During the Nationalist period (1928-1949), the Judges Examination was the principal route to judicial and procuratorial appointment, though alternative paths opened up to accommodate the rapid post-war expansion of the court system in the 1940s. Originally, the test was inspired by the judicial examinations given in Meiji Japan and, from its inception under the Qing dynasty in 1910, it blended elements of the traditional imperial examinations with the imperatives of an urgently modernizing nation struggling to reconcile its heritage with a body of human, institutional and normative substitutes forced upon it from abroad. Alongside subjects such as criminal, civil, constitutional, commercial and procedural law, which required examinees to cite statute provisions and legal principles in detail from memory, the exam incorporated sections that were philosophical, political and historical in nature. During the early Beiyang era, for example, it included questions on the Chinese Classics, and during the Nationalist period it tested Language (國文), History & Geography (史地) and, consistent with the drive to partyize the judiciary (司法黨化), Guomindang Party Principles (黨義) and the teachings of Sun Yat-sen (國父遺教). Consider the following questions drawn from the 1946, 1947 and 1948 exams:
- Language: Confucius says “When you have found out the truth about any accusation, grieve for and pity them, and do not feel joy at your own ability.” Explain and discuss. (孔子云如得其情則哀情而勿喜試申論之.) (1946 正試)
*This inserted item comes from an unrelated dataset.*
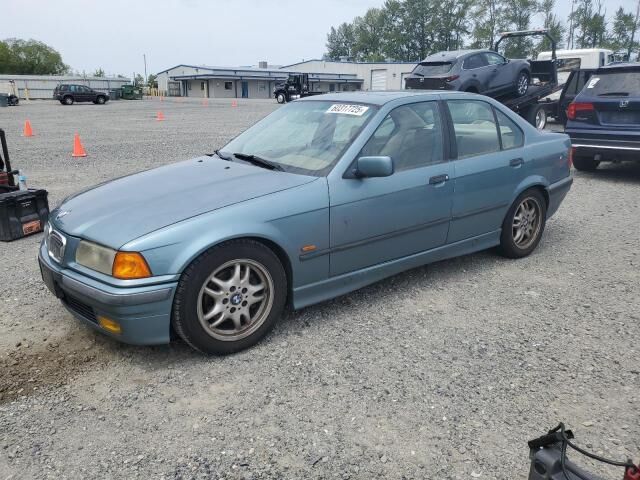 BMW 328i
- Party Principles: With respect to the sequence of building the country after the period of military administration, why was it necessary to undergo a period of political tutelage before it was possible to reach the period of constitutional government? Explain the reasons. (建國之程序於軍政時期之後, 何以必須經過訓政時期, 方能達到憲政時期? 試說明其理由.) (1947 正試)
- History: In the Song dynasty, Wang Anshi’s reforms did not prevail. Consider their successes and failures. (宋王安石行新法不成, 試論其得失.) (1947 正試)
- Teachings of Sun Yat-sen: Describe Sun Yat-sen’s position on individual freedom. (試述國父對於個人自由之主張.) (1948 銓定資格考試)
The Language section was noteworthy because it asked examinees to: 1). answer a question of philosophy or theory with an essay of 300 characters or more in classical Chinese (文言文); and, 2). draft an internal judicial document (公文) using the highly stylized and classically inflected forms unique to that bureaucratic genre. To mainstream Nationalist and PRC critics alike, these requirements exemplified the ossified formalism of Republican law, and the judiciary’s cultivated social detachment and elitism. In the early years of the PRC, the CCP would intensify such attacks and tear down the entire model of adjudication and legal professionalism they described.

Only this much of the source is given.